▶ [Data extract]:
--------

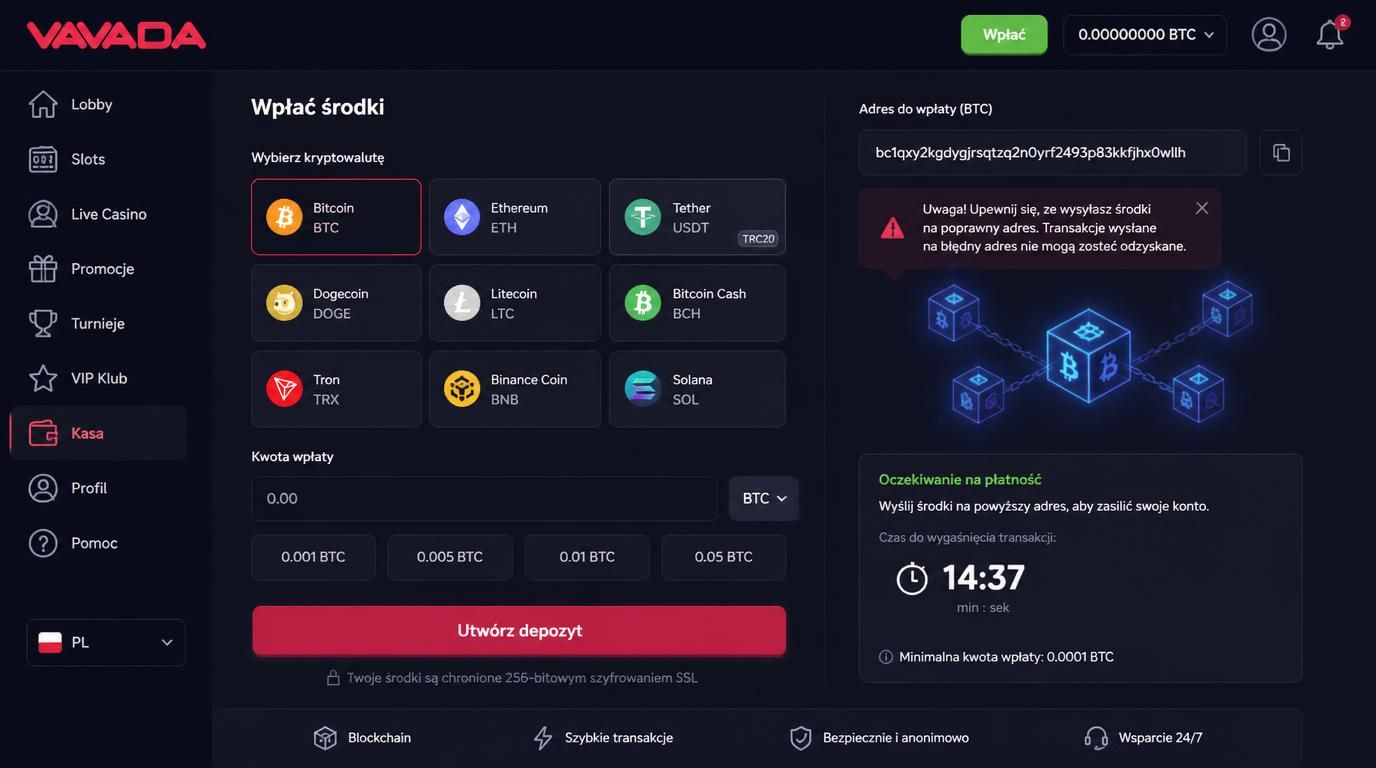 Kryptowaluty używane w Vavada Casino i czas transakcji – grafika edukacyjna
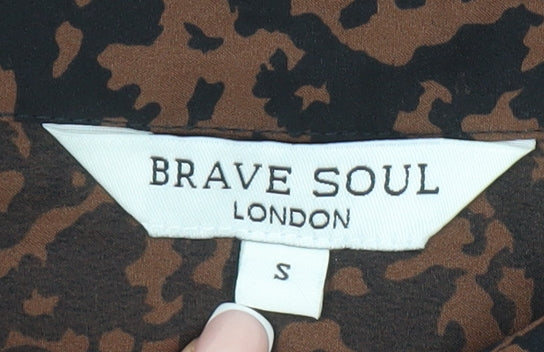 Brave Soul Women's Brown Animal Print Button-Up Shirt
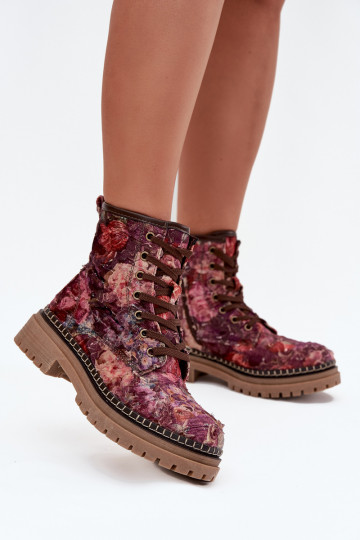 Bottines à motifs pour femmes en bordeaux Artiker 57C1055 2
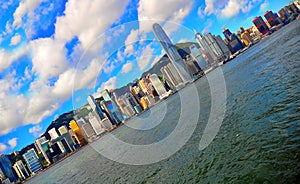 Skewed view of hong kong harbor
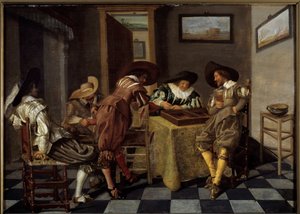 Het spel van tric trac door Dirck Hals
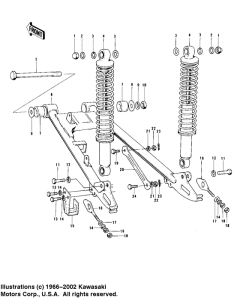 KD100 D-4-swing arm / shock absorbers
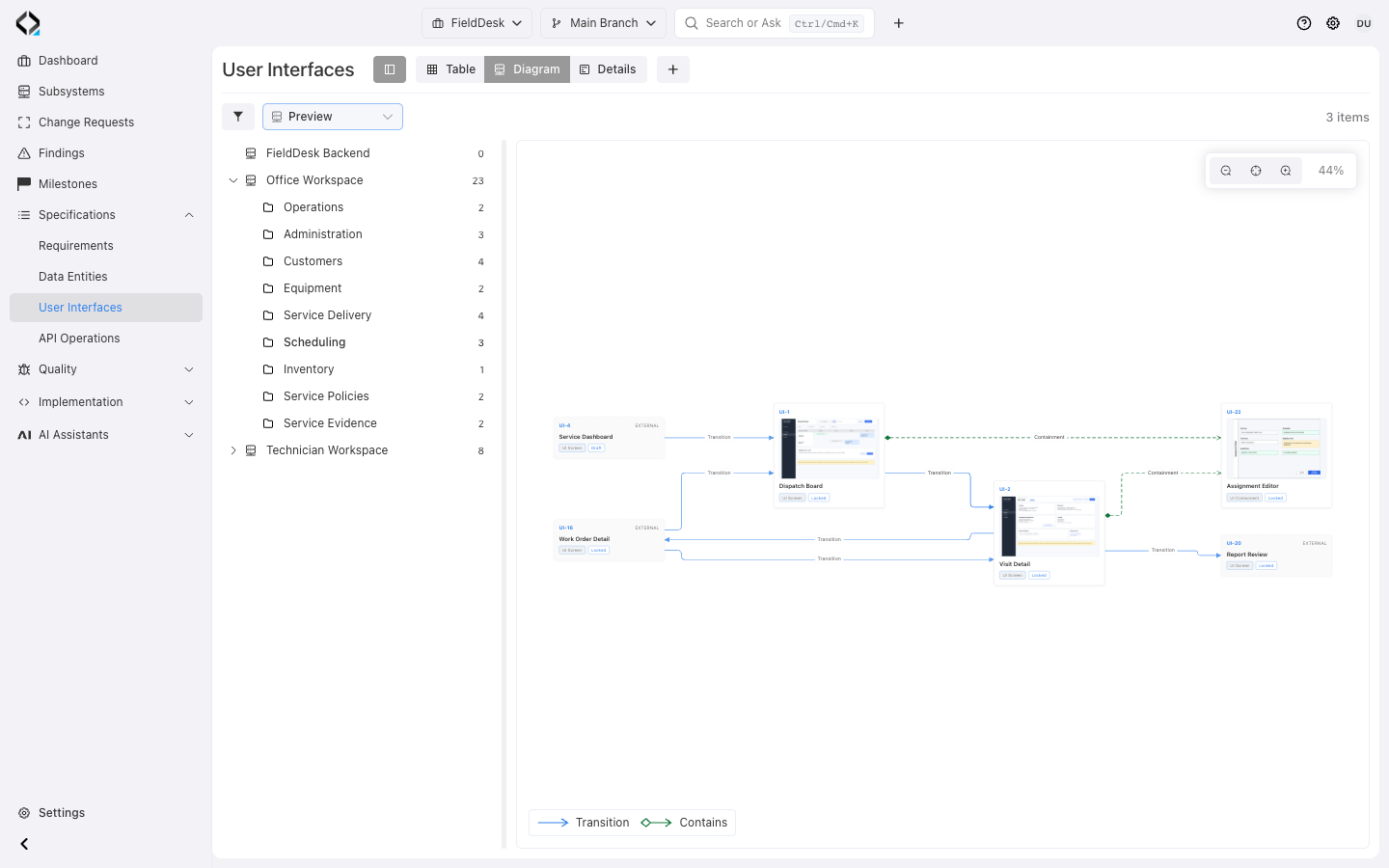 Scheduling in Preview mode: screen wireframes, transitions, and containment.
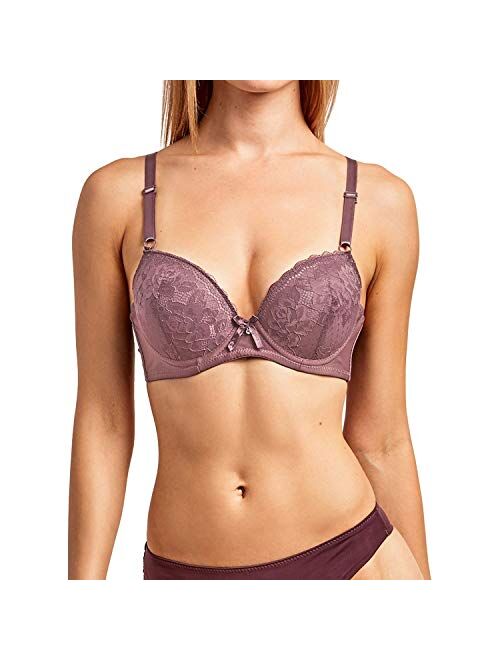 MaMia Women's Basic Lace/Plain Lace Bras (Pack of 6)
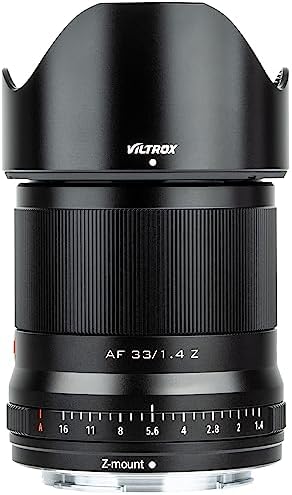 VILTROX 33mm f/1.4 F/1.4 Lens for Nikon Z Mount Camera, Large Aperture Auto Focus STM Advanced Motor APS-C Lens for Nikon Z5 Z50 Z6 Z6II Z7 ZII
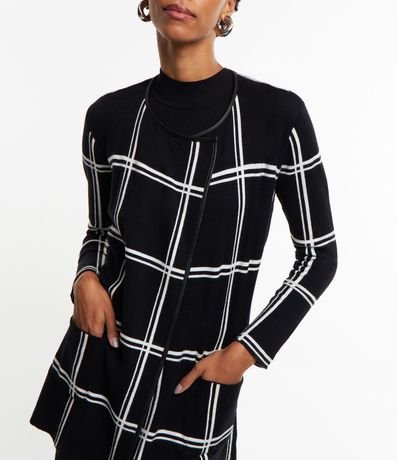 Cardigan en Punto con Abertura sin Cierre y Estampado de Cuadros Grid 3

--------

▶ [Aim of the exercise]: What is needed is an exact copy of the lines from the start of the records through the line containing "Het spel van tric trac door Dirck Hals", with no pictures.

▶ [Result of the exercise]:
 Kryptowaluty używane w Vavada Casino i czas transakcji – grafika edukacyjna
 Brave Soul Women's Brown Animal Print Button-Up Shirt
 Bottines à motifs pour femmes en bordeaux Artiker 57C1055 2
 Skewed view of hong kong harbor
 Het spel van tric trac door Dirck Hals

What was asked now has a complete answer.